*Brief*.
Drop the pictures and repeat exactly from the "Maderia Day Off" line down to the last line of the entries below.
┌──
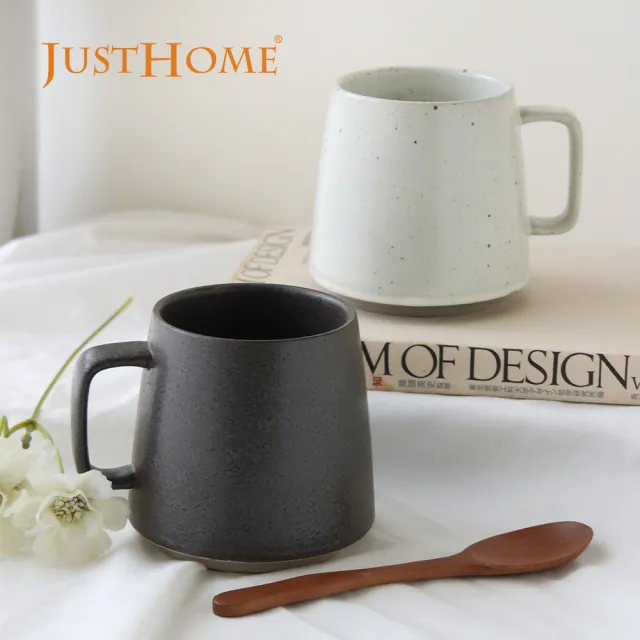 【Just Home】樸式手感窯燒陶瓷馬克杯-白脂(可微波 340ml 杯子 咖啡杯 水杯  拿鐵杯)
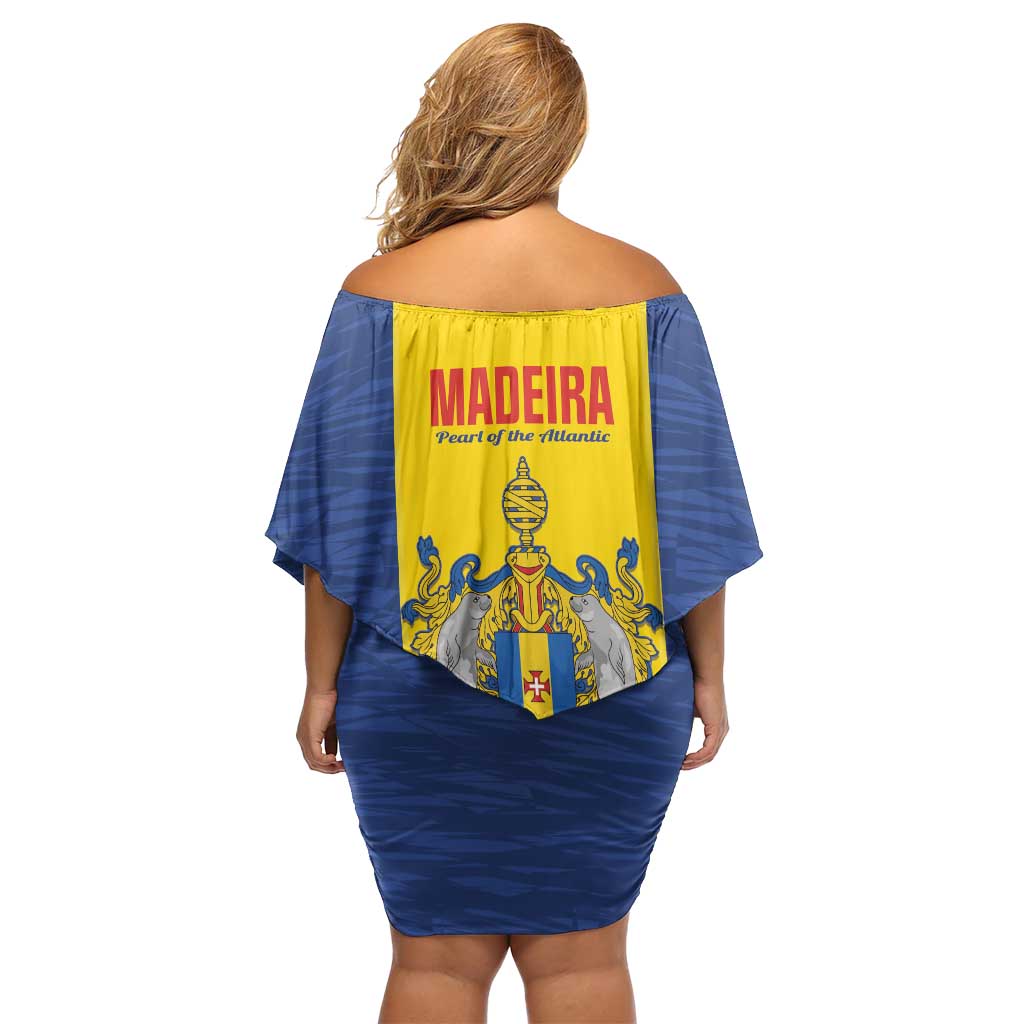 Maderia Day Off Shoulder Short Dress Pearl of the Atlantic Flag Style - Wonder Print Shop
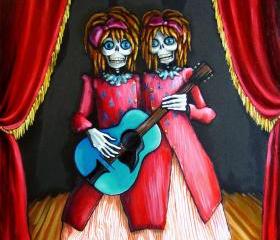 Pop Surrealist, Day of the Dead, Steampunk art print - Twins Guitar Carnival Art print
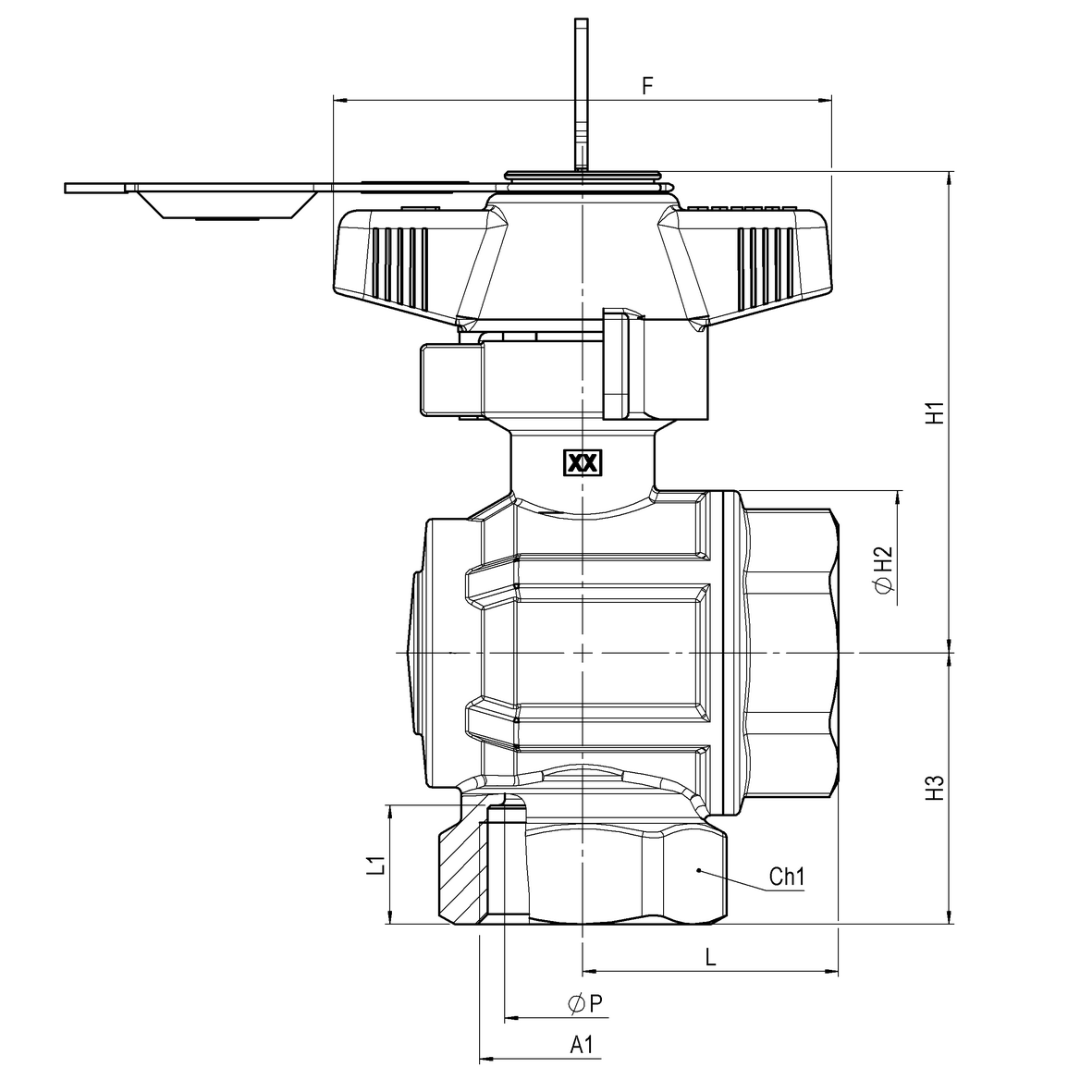 Valvola a sfera a squadra per gas a passaggio totale serie pesante con serratura di sicurezza e morosità 651÷685 M-F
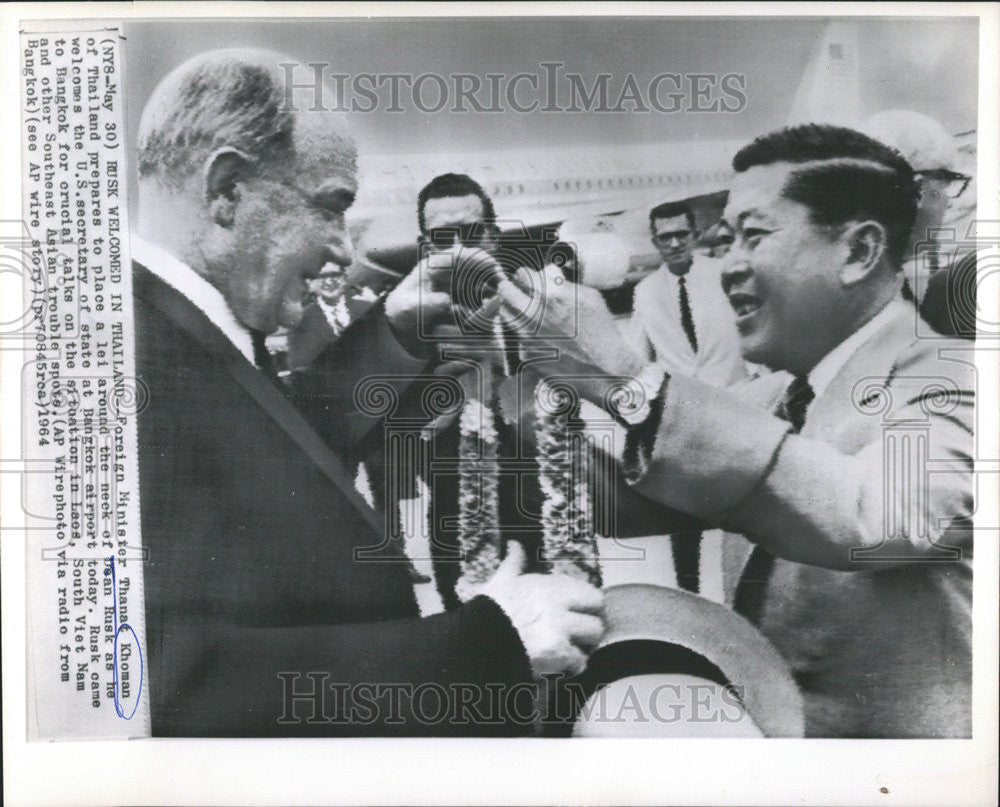 1964 Press Photo Foreign Minister Thanat Khoman Thailand Dean Rusk - Historic Images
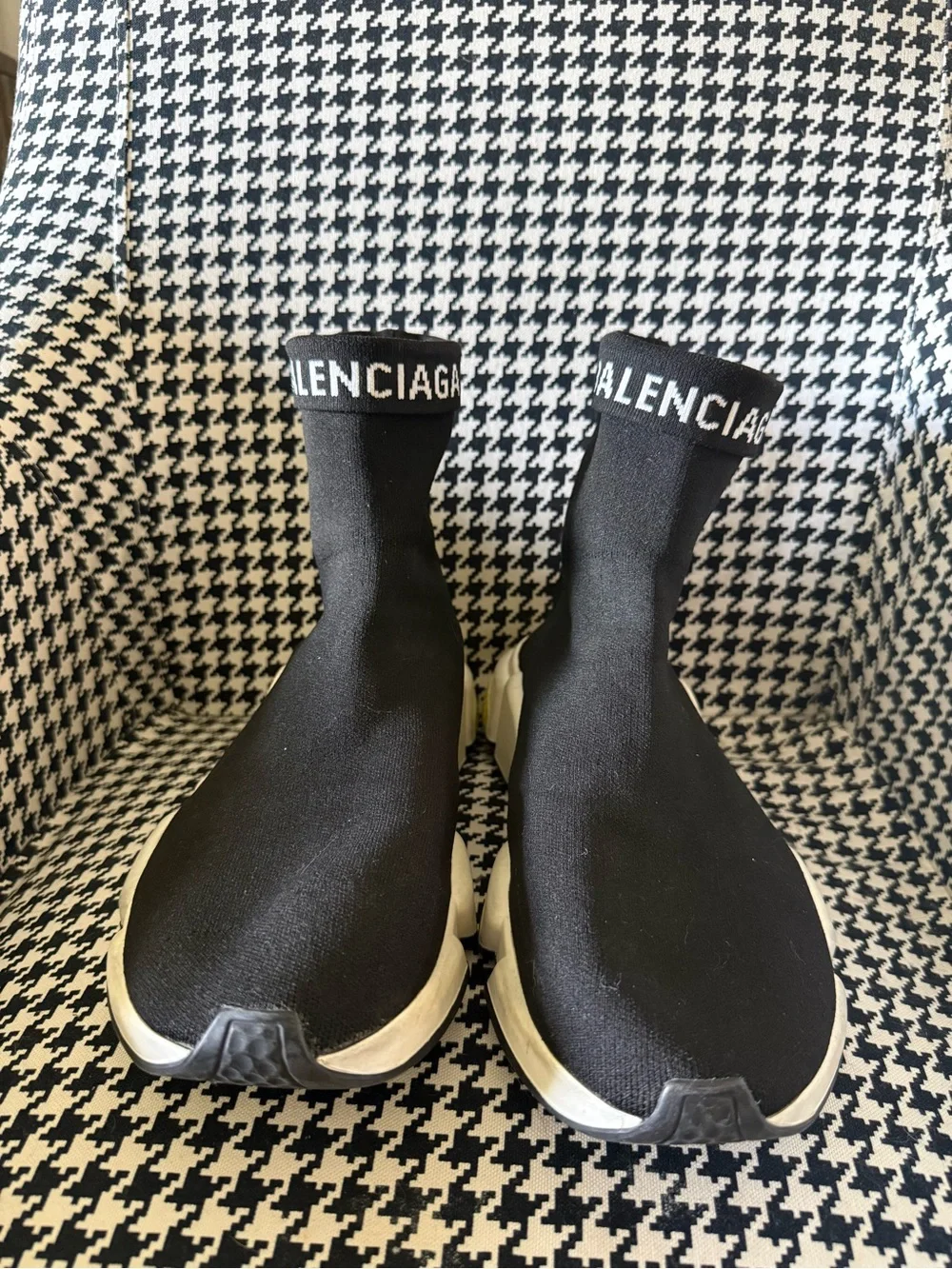 Balenciaga Black Sock Sneaker with White Sole and Neon Yellow Accents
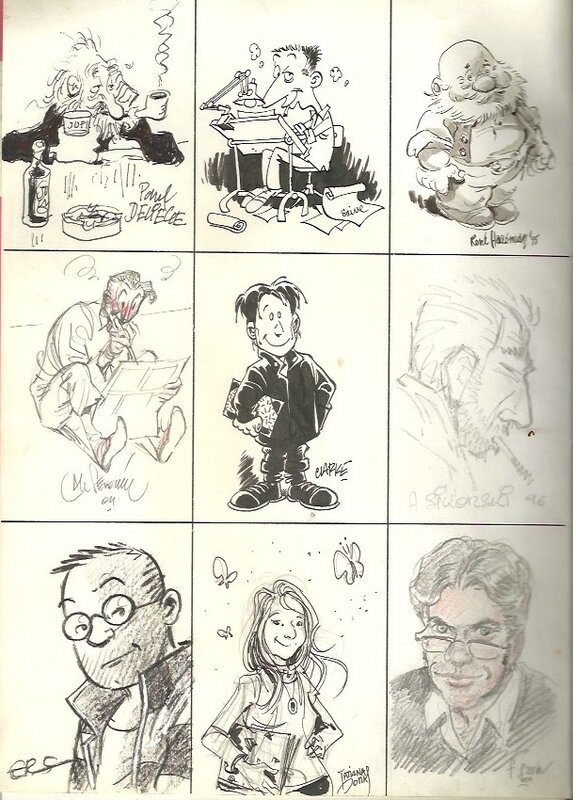 Benoît Ers, René Hausman, Paul Deliège, Olivier Saive, Caricature des dessinateurs qui mon offert leurs dessins sur Gaston - Illustration originale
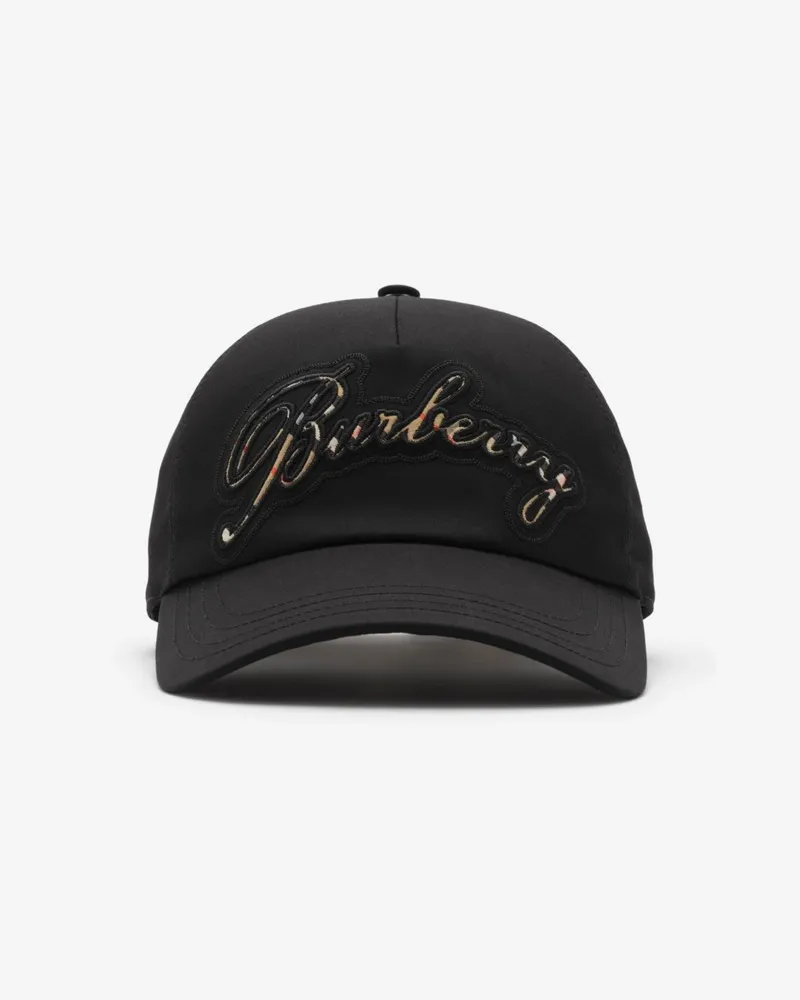 Burberry Gabardine-Basecap in Check mit kursivem Logo Schwarz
└──
*Your response*.
 Maderia Day Off Shoulder Short Dress Pearl of the Atlantic Flag Style - Wonder Print Shop
 Pop Surrealist, Day of the Dead, Steampunk art print - Twins Guitar Carnival Art print
 Valvola a sfera a squadra per gas a passaggio totale serie pesante con serratura di sicurezza e morosità 651÷685 M-F
 1964 Press Photo Foreign Minister Thanat Khoman Thailand Dean Rusk - Historic Images
 Balenciaga Black Sock Sneaker with White Sole and Neon Yellow Accents
 Benoît Ers, René Hausman, Paul Deliège, Olivier Saive, Caricature des dessinateurs qui mon offert leurs dessins sur Gaston - Illustration originale
 Burberry Gabardine-Basecap in Check mit kursivem Logo Schwarz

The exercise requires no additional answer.